As part of this appeal, the Defendant argued that it had no actual knowledge of the patent during the time it was selling the products and therefore could not be liable for indirect infringement. The relevant issue was whether the knowledge requirement of indirect infringement is an objective or subjective test. The Federal Circuit resolved the issued by determining that the jury's verdict could be supported with a finding of deliberate indifference to a known risk. The Federal Circuit stated that "deliberate indifference . . . is a form of actual knowledge" and found it to support the jury's finding of the specific intent required for indirect infringement. The jury's conclusion was supported in part by the Defendant having deliberately copied the Plaintiff's product. Although the Defendant commissioned a right-to-use study, it did not tell its attorney that the product had been copied. In addition, the Defendant provided no evidence to show that it actually believed that the copied product was not covered by a patent. Thus, the Federal Circuit has called into question the knowledge requirement set forth in DSU Medical. This is the issue upon which certiorari was granted, and we expect that, through this case, the Supreme Court will determine the legal standard for what the knowledge requirement is for a claim of induced infringement.

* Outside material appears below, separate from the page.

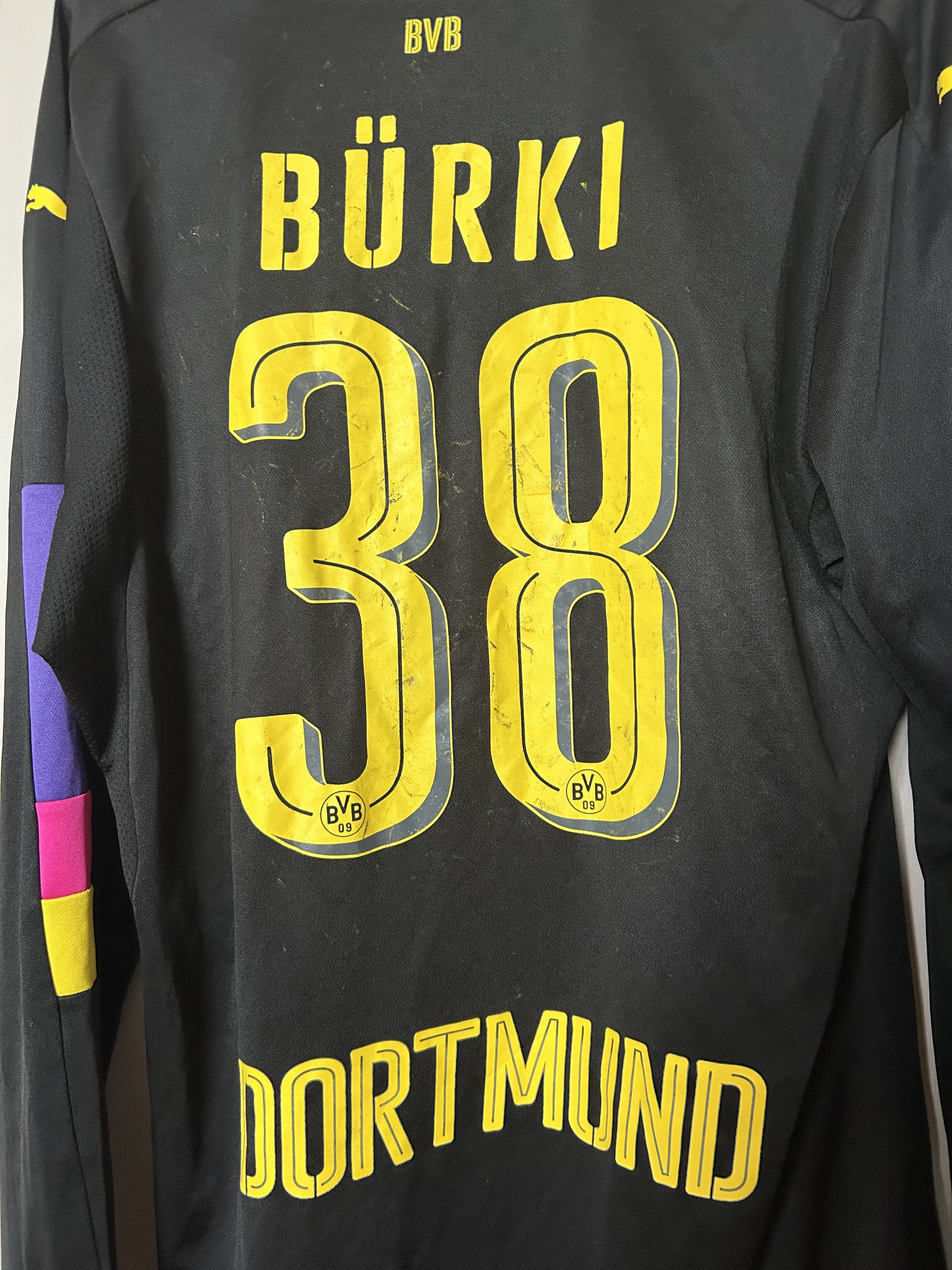 Puma BORUSSIA DORTMUND #38 BURKI - 2016 - 2017 - L - UNIQUE Size US L / EU 52-54 / 3 - 4 Thumbnail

Many of our clients face allegations of indirect infringement. Indirect infringement claims are common when providing components or software for end products or in cases involving method claims in which end customers are performing the acts alleged to directly infringe. The test for the knowledge requirement in these indirect infringement cases could greatly affect potential liability in these cases, particularly when sued by non-practicing entities allege infringement prior to any contact regarding the patent.